Friedgen gets what he deserved: a win in Terrapin finale


Normally, I couldn’t have cared less who came out on the winning side of a late-December bowl game featuring schools from the ACC and Conference USA.  During the course of today’s Military Bowl, though, I found myself actively rooting for Maryland for what was, I believe, the first time in my adult life.

Specifically, I was cheering like hell for the Terps to send Ralph Friedgen off into the football sunset with a win because, simply put, the man deserved to go out like that.  Not just for what he’s accomplished in his decade at the school, but for the sketchy backroom machinations used by the university to ungracefully push him out the door.

An emotional last couple of weeks for Friedgen, especially in the run-up to the bowl game, came to an end in a very fitting and deserving final act for the coach as his Terrapins carried him off the field — metaphorically speaking; ya know, the whole laws-of-physics thing and defying it — and into at least a temporary retirement with a 51-20 romp over East Carolina.  There was some concern ahead of the Military Bowl as to how Friedgen’s players would react to their coach’s final game, but those fears were allayed early and often as the Terps dominated the Pirates in every aspect of the rout.

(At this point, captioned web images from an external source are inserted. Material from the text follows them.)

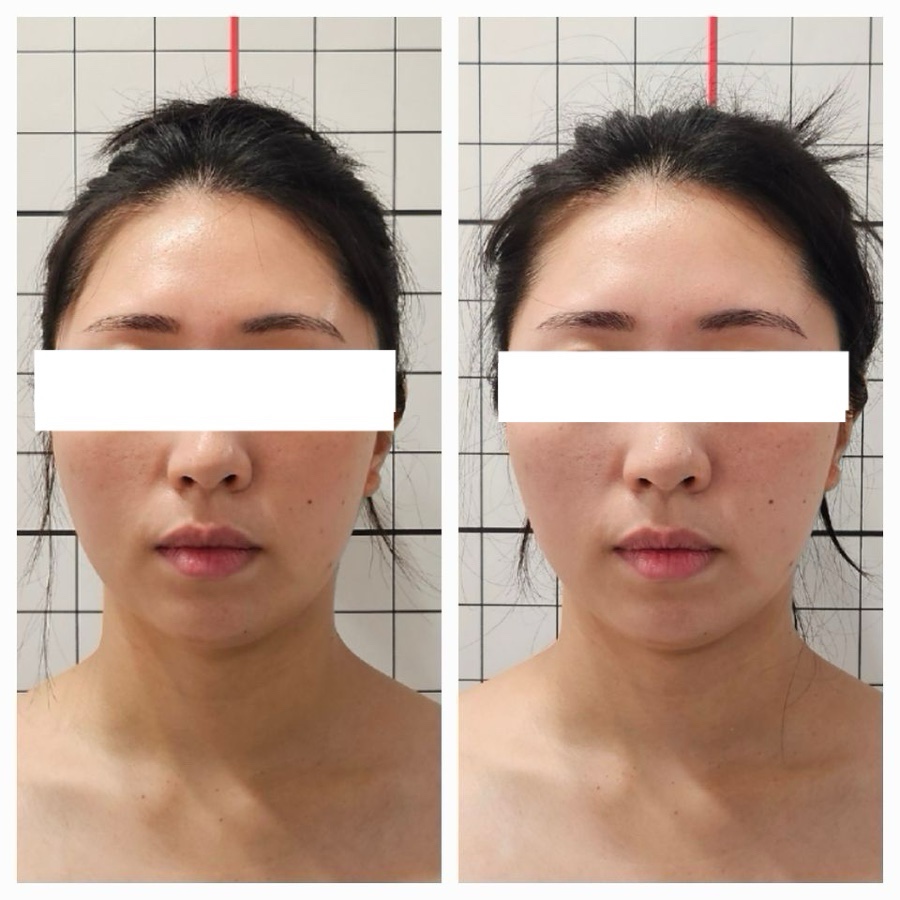 금손체형관리 이미지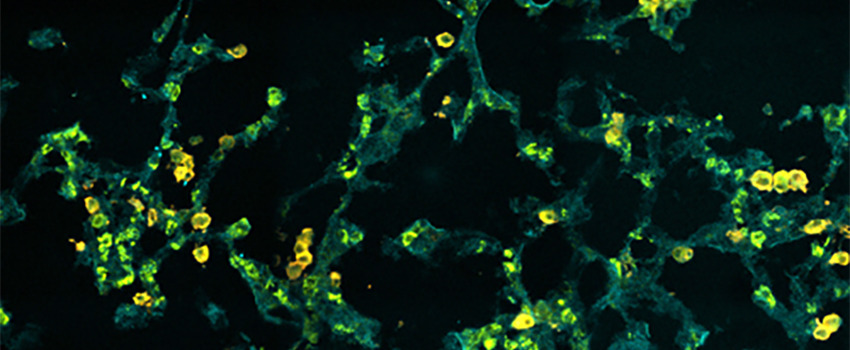 Immunostaining of the alveolar space within cryopreserved mouse lungs.  Image captured by confocal hyperspectral microscopy.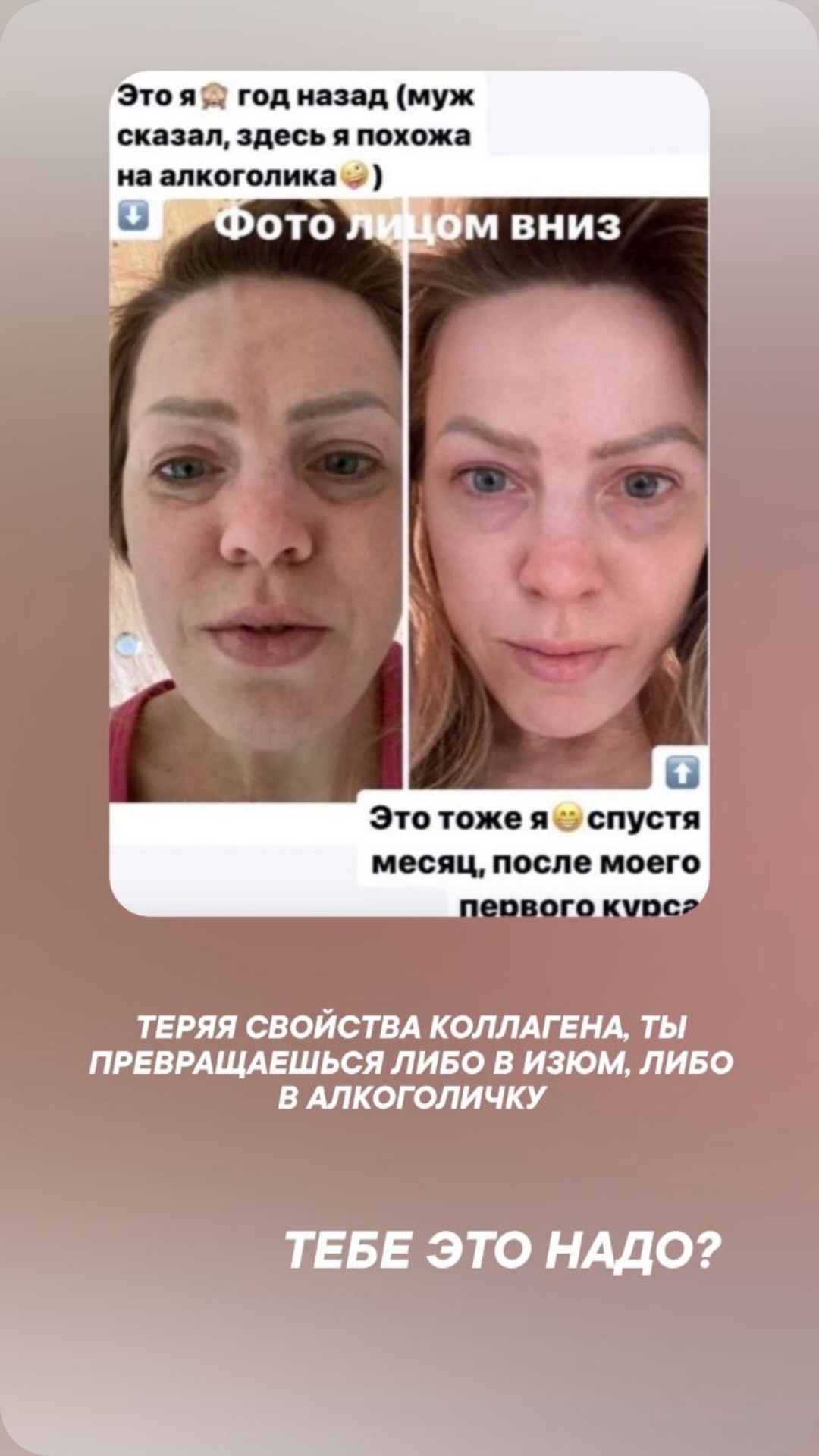 Девочки, успевайте на популярный коллаген (1)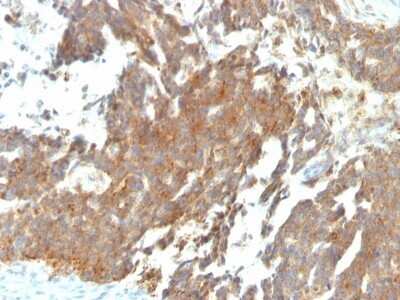 Immunohistochemistry-Paraffin: GnRHR Antibody (GNRHR/768) - IHC-Prediluted [NBP2-48039]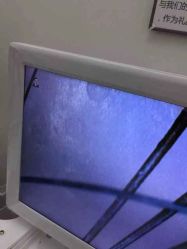 头皮检测-髻尚坊增发补发织发假发定制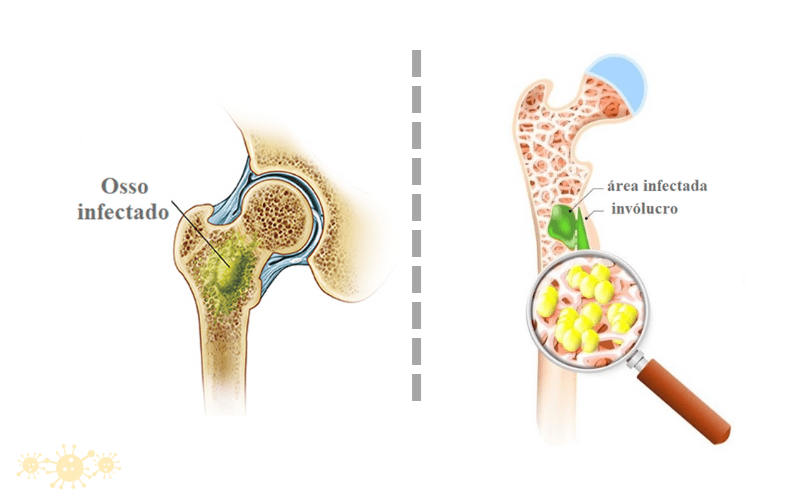 Osteomielite: Saiba Mais Sobre Ela - Dra. Keilla Freitas Infectologista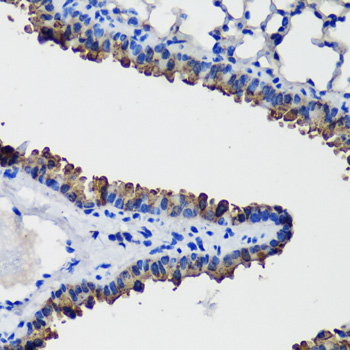 Immunohistochemistry of paraffin-embedded Mouse lung using SCGB1A1 Polyclonal Antibody at dilution of  1:100 (40x lens).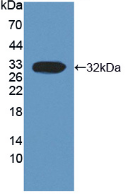 Active Calpain 3 (CAPN3)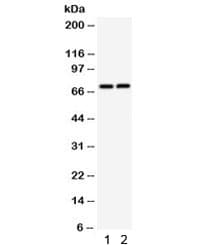 TNFRSF1B / TNFR2 Antibody
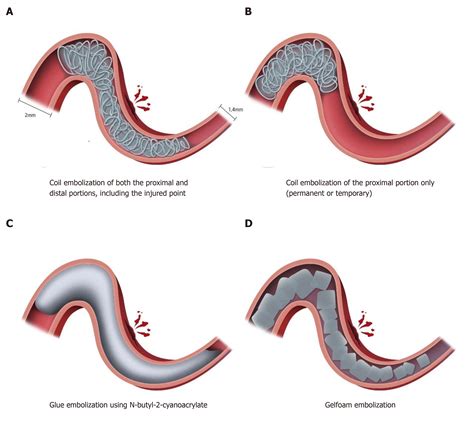 Gelfoam embolization for distal, medium vessel injury during mechanical ...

At least as far as the Maryland chapter of his career is concerned, it’s over.  But, for an institution many apply the label of “basketball school” to, it was one helluva run by just about any measure imaginable.  Friedgen finishes with a 5-2 record in bowl games and his final W/L mark will read 75-50, a .600 winning percentage.  To put those numbers into their proper perspective, Maryland was 60-103-1 and played in a total of one bowl game in the 15 years prior to Friedgen’s arrival.

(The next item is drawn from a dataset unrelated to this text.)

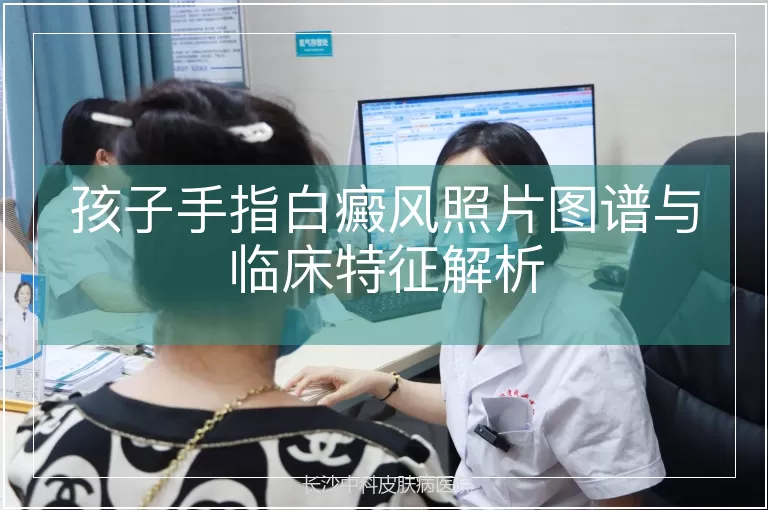 孩子手指白癜风照片图谱与临床特征解析
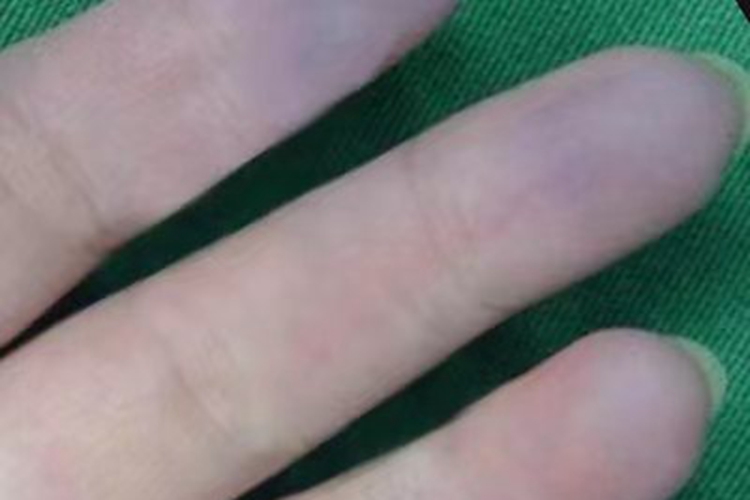 雷诺病手指尖皮肤发紫图 雷诺病手指尖皮肤发紫图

It may have been time for him to go — albeit with a little more class and dignity on the part of the administration — but there’s no doubting that Friedgen left the football program he was once a part of as a player in much better shape than when he first took it over.  That’s a helluva legacy to leave behind at your alma mater, even as the departure could’ve been a little more palatable for all involved.

Earlier this month, and after receiving a very public vote of confidence from his boss, it appeared this game would serve as a launching pad for the 2011 season.  Instead, it closed the book on what was by Maryland standards a wildly successful run in College Park for Friedgen.

At least, though, he goes out with a sliver of happiness written into what was otherwise a bittersweet ending to his 10-year tenure.